14:45-15:00 Coffee break
15:00-15:30 Önder Babur, TU/e
Towards Statistical Comparison and Analysis of Models
Model comparison is an important challenge in model-driven engineering, with many application areas such as model versioning and domain model recovery. There are numerous techniques that address this challenge in the literature, ranging from graph-based to linguistic ones. Most of these involve pairwise comparison, which might work, for instance, for model versioning with a small number of models to consider. However, they mostly ignore the case when there is a large number of models to compare, such as in common domain model/metamodel recovery from multiple models. In this paper we present a new perspective on model comparison and analysis. We propose the representation of models in vector space model as in information retrieval, and applying clustering techniques, to compare and analyse a large set of models. We demonstrate our approach on synthetic datasets of models generated via genetic algorithms from a subset of Ecore.

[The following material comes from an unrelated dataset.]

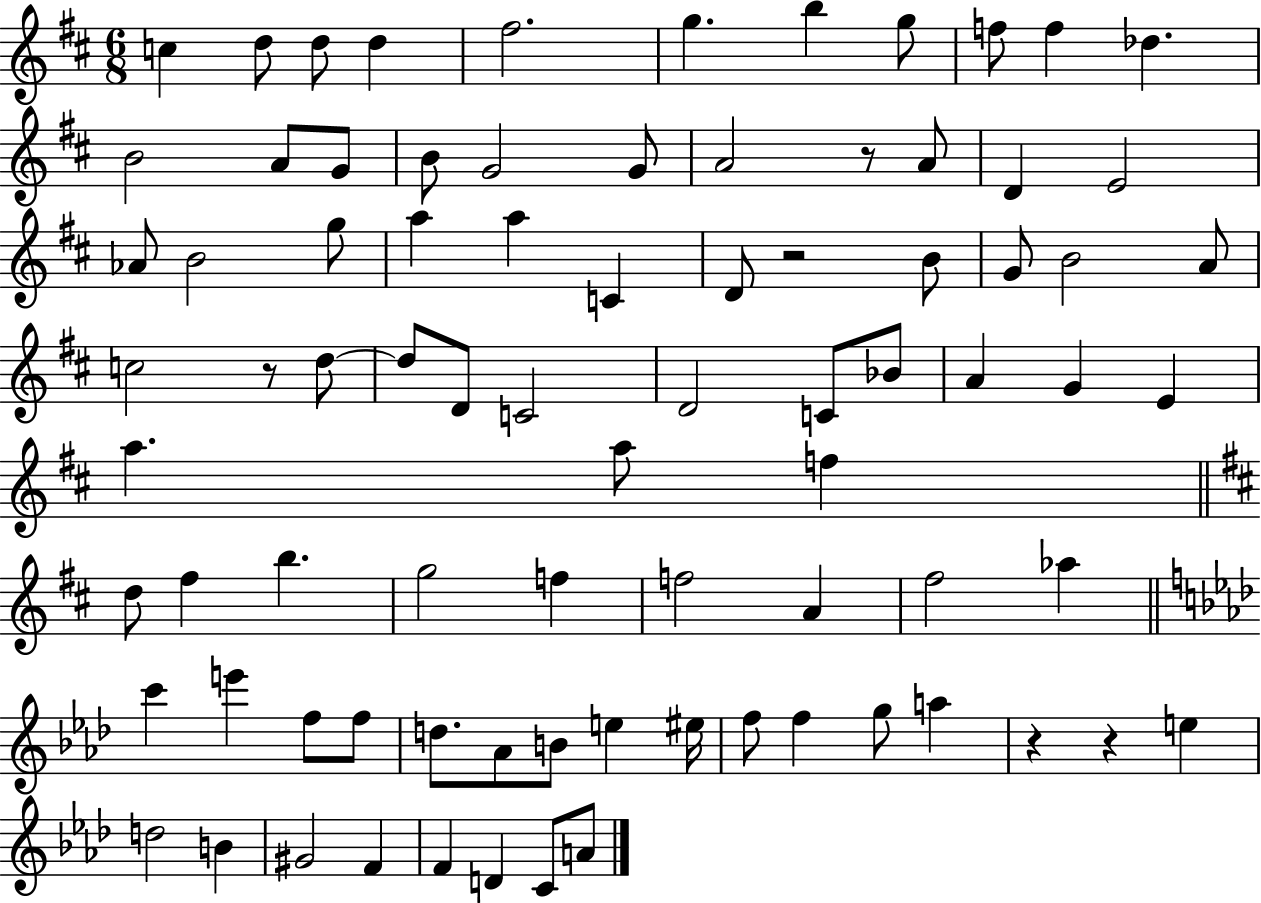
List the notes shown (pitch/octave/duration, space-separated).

C5/q D5/e D5/e D5/q F#5/h. G5/q. B5/q G5/e F5/e F5/q Db5/q. B4/h A4/e G4/e B4/e G4/h G4/e A4/h R/e A4/e D4/q E4/h Ab4/e B4/h G5/e A5/q A5/q C4/q D4/e R/h B4/e G4/e B4/h A4/e C5/h R/e D5/e D5/e D4/e C4/h D4/h C4/e Bb4/e A4/q G4/q E4/q A5/q. A5/e F5/q D5/e F#5/q B5/q. G5/h F5/q F5/h A4/q F#5/h Ab5/q C6/q E6/q F5/e F5/e D5/e. Ab4/e B4/e E5/q EIS5/s F5/e F5/q G5/e A5/q R/q R/q E5/q D5/h B4/q G#4/h F4/q F4/q D4/q C4/e A4/e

15:30-16:00 Wytse Oortwijn, UT
Distributed Binary Decision Diagrams for Symbolic Reachability
Binary decision diagrams are used in symbolic verification to efficiently represent state spaces. A crucial algorithm is symbolic reachability, which systematically yields all reachable system states. We propose novel algorithms for BDD-based symbolic reachability targeting high-performance networks of multi-core machines. Additionally, we provide a distributed hash table, cluster-based work stealing operations, and several caching structures that employ Remote Direct Memory Access (RDMA). All distributed data structures are lockless and carefully designed to minimize the number of roundtrips. We demonstrate speedups up to 45x with 64 machines, relative to sequential runs. Besides maintaining good time-efficiency, the proposed algorithms also allow substantially more memory to be efficiently employed, compared to non-distributed implementations.
16:00-16:30 Coffee break
16:30-16:35 Award Ceremony
16:30-17:30 Bogdan Vasilescu, UC Davis
Deciphering secrets of social coding
“Social coding” is a phrase made popular by GitHub, the online collaborative coding platform home to millions of users and repositories. It has come to represent a paradigm shift in software development, especially in the open source world. Coding has always been human-centric, but never more so than with the advent of GitHub. Code is rarely written for oneself, is meant to be shared, discussed, and changed by others as needed.This talk reports on some of my PhD adventures in learning about the social side of software engineering, from transparent platforms such as GitHub and Stack Overflow. Through a series of mixed-methods empirical studies, combining quantitative (data mining and statistical analysis) data with qualitative (survey-based) evidence, I will offer insights into some of the effects associated with developing software in such a public, social world.
17:30-18:30 Drinks
18:30- Dinner


09:00-10:00 Bettina Speckmann, TU/e
Algorithms for Geographic Data
A significant part of today’s data is geographic, has a geographic component (is geo-referenced), or benefits from geographic interpretation. In this talk I will first give an introduction to geographic data as it appears in various application areas, such as automated cartography and motion data analysis. I will then discuss algorithms for two representative problems: (1) the automated construction of flow maps, a specific type of thematic map, and (2) the analysis of the collective motion of a set of moving entities like people or birds.
10:00-10:30 Coffee
10:30-11:15 Kevin Buchin, TU/e
Algorithms for Animal Movement Analysis
The recent explosion in animal movement data has resulted in the need for new algorithms for their analysis. We consider several examples of ecological questions and the resulting algorithmic challenges. Taking the problem of delineating stopovers in migration flight as a starting point we focus on the algorithmic problem of trajectory segmentation, that is, splitting a trajectory based on movement characteristics. We discuss algorithms for two approaches to this problem. Criteria-based segmentation splits a trajectory such that each part fulfills a given spatio-temporal criteria. Model-based segmentation assumes an underlying movement model and segments by fitting this model, balancing the likelihood of the model and its complexity.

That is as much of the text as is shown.